Je le retrouvai à la sortie des cours, et nous commençâmes le trajet ensemble. Le pauvre devait faire un détour pour rentrer chez lui, mais il était heureux d'avoir été assigné à ma protection. Nous discutâmes de tout et de rien, il gardait son rôle de pseudo-misogyne. Je savais qu'il pensait ainsi à cause de sa mère mais qu'au fond il respectait les femmes, alors je ne disais rien. Mais cela restait un problème. Pouvait-on haïr les femmes sans être sexiste ? Après tout, on peut bien détester quelqu'un en le respectant. Mais ne le dénigrons-nous pas inconsciemment ?
Alors, nous croisâmes un petit collégien qui nous regarda étrangement. Il devait être métisse, avec sa peau mate, ses gros sourcils et ses dread noires courtes. Son style vestimentaire large et ringard témoignait du fait qu'il était un délinquant. Il avait l'air... énervé ? Déterminé ? Je sentis que Katsunaga était bizarre lui aussi, il semblait soudainement préoccupé. Je me demandais qui ça pouvait bien être.
Quand je rentrai à la maison, mon père était occupé à feuilleter un livre photo. En me rapprochant, je vis des clichés qui éveillèrent une drôle de nostalgie en moi. Des images d'enfance que je n'avais jamais vues, quand je n'avais encore que cinq ou six ans.
— Ta mère avait la plus belle peau et la plus belle chevelure du monde, dit-il sans crier gare.
— Blancs, comme moi ?
— Non, regarde.
— Quoi ?!
Je crus que mon cœur allait lâcher. Réaction peut-être un peu dramatique de ma part, mais cela signifiait que la personne dans ma tête que j'appelais maman depuis des mois... n'était pas ma mère.
— Shan était atteinte du vitiligo.
Sur la vieille photo apparaissait une jeune femme au sourire effronté. Elle était parée de grandes créoles dorées, d'un foulard bleu noué autour du cou, d'un petit haut jaune pâle à carreaux, et d'une grande chemise verte sapin en guise de veste. Mais, plus important, sa peau était bicolore. C'était comme si l'on avait goulûment versé deux tâches de lait sur une carnation encore plus matte que la mienne. Puis, là où ces tâches rencontraient ses racines, quelques mèches blanches en jaillissaient, parmi son épaisse chevelure ondulée presque noire. Elle avait les mêmes sourcils ovales que moi.

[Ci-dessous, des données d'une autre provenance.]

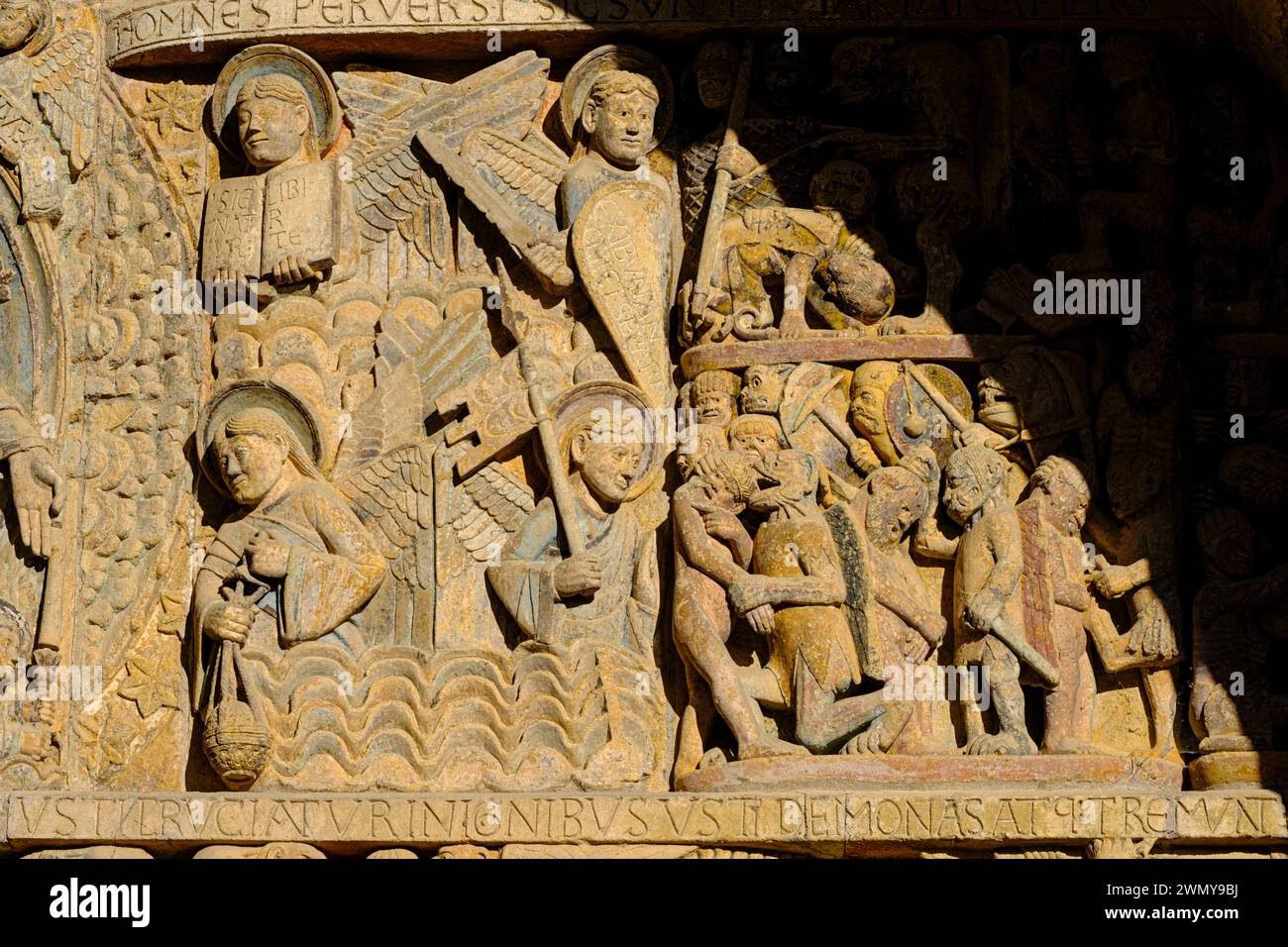 France, Aveyron, Conques, marqué l'un des plus beaux villages de France, un arrêt majeur sur le chemin de Saint-Jacques, l'église de Sainte-Foy datant du 11-12 ème siècle, de style romain, le tympan Banque D'Images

— Dis, comment est-ce que vous vous êtes rencontrés ?
— Ce n'est pas une histoire très passionnante. J'étais en service dans un des consulats japonais de Chine, celui de Qingdao. Ta mère habitait déjà à Haichuan.
Haichuan, mon village d'enfance, était une petite ville côtière non loin de Qingdao.
— Elle faisait partie de l'association de la ville, et travaillait comme psychologue. Je suis venue visiter l'endroit, et c'est là que j'ai rencontré Shan. Une vraie tornade. Au début, on ne s'appréciait pas trop. Je dirais que niveau caractère, tu tiens plus de ton père, ta mère était une vraie furie dans sa jeunesse !
Je ris, imaginant les disputes d'amoureux entre ces deux là.
— Mais, nous avons fini quelques temps après par nous avouer nos sentiments, n'en déplaise à ce salop de scientifique qui lui tournait autour. Je savais que j'allais devoir un jour retourner dans mon pays, alors quelques années après, j'ai demandé sa main. Ses parents étaient furieux ! Tu sais que les étrangers sont mal vus en Chine, à cause de cette histoire d'alters... C'était une décision précipitée de jeunesse, mais je ne l'ai jamais regrettée. J'ai tout quitté pour être avec elle et c'est ainsi que je suis devenu chef de chantier.
— Pourquoi tu ne t'es pas fait naturaliser chinois ? demandai-je.
— Premièrement parce que les démarches étaient très compliquées ; et deuxièmement, comme je t'ai dit, nous avions prévu de déménager au Japon.
— Je vois..., dis-je rêveuse. Tu peux me montrer d'autres photos ?
— Bien sûr. Et après, on se fait du lancer de couteau ?
— Oui !! Ça fait super longtemps !
J'étais si heureuse de parler pour la première fois de tout ça. Mon cœur gonflait comme un chewing-gum et mes zigomatiques étaient fatigués de s'étirer. Je profitai du moment pour faire un énorme câlin à mon père, je ne lui en faisais pas assez.